Alternative Apparel – a social overview of consumption

By Rachel Barr

Through substantive research on what is working well and not well in regards to fair trade on campuses, I have delved into the ministries junction at Point Loma Nazarene University. The university’s ministry team purchases roughly 900 Alternative Apparel t-shirts each fiscal year (ASB Director of Finance, Nick Ezre), and handed out for free to the students involved. Ironically, these t-shirts have been worn internationally in similar countries to where the materials derive from.
Alternative Apparel claims to give their workers fair working conditions and to pay them the floor price, which is usually the country’s average wages. These wages are certainly worth far less than the value retailers put on the price tag. Point Loma Nazarene University is most likely not aware of this situation. Why would they be? America consumes far more each day than they are aware of. Attending a private university such as Point Loma Nazarene, one can note the overabundance most students are equipped with including the latest technologies, newest trends and coolest styles in attire. To expand, the average income in Asian countries are listed below. According at a wage tracker for Asian countries, Bangladesh garment workers have an average income of $38 per month, and that’s working 40 hours per week.

Minimum Wage Levels in Asia

The facts are shocking especially because the products we consume in America are valued at much higher prices, which do not benefit the laborer, only the distributors. In the society of college universities, we’ve put a value on what we consume and especially what we wear. What we fail to realize is the price usually is a result of the expense of human lives; people working in horrible conditions for hardly any compensation, for something like a mere t-shirt. If Point Loma Nazarene University were aware of these conditions of agonizingly low wages that companies like Alternative Apparel pay in exchange for these materials, then they would probably think twice before sending in their next order.

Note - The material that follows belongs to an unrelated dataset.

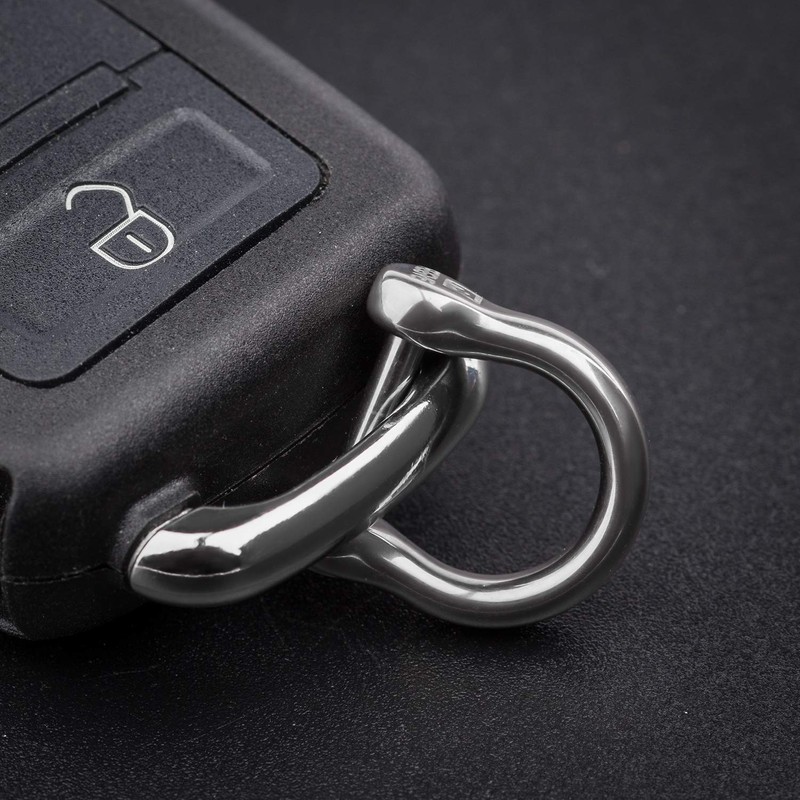TISUR D-Rings with Screw Shackle, U Shape Key Chains Rings,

The article, Challenges to globalization: Analyzing the economics, assesses the wages and living conditions resulting from the effects of multinational production. Researchers have worked to determine the effects of multinational firms, and whether or not the working conditions and wages are standard or exploited. Alternative Apparel works with developing countries at their country’s rates. This is exploitation to the workers because they are paid so low, and the turnover of profits received by Alternative Apparel in exchange for these goods is very high, and continues to grow. If Point Loma Nazarene University does not care enough to switch to purchasing a different brand, they should consider raising awareness for fair wages in developing countries, especially from whom the materials come from.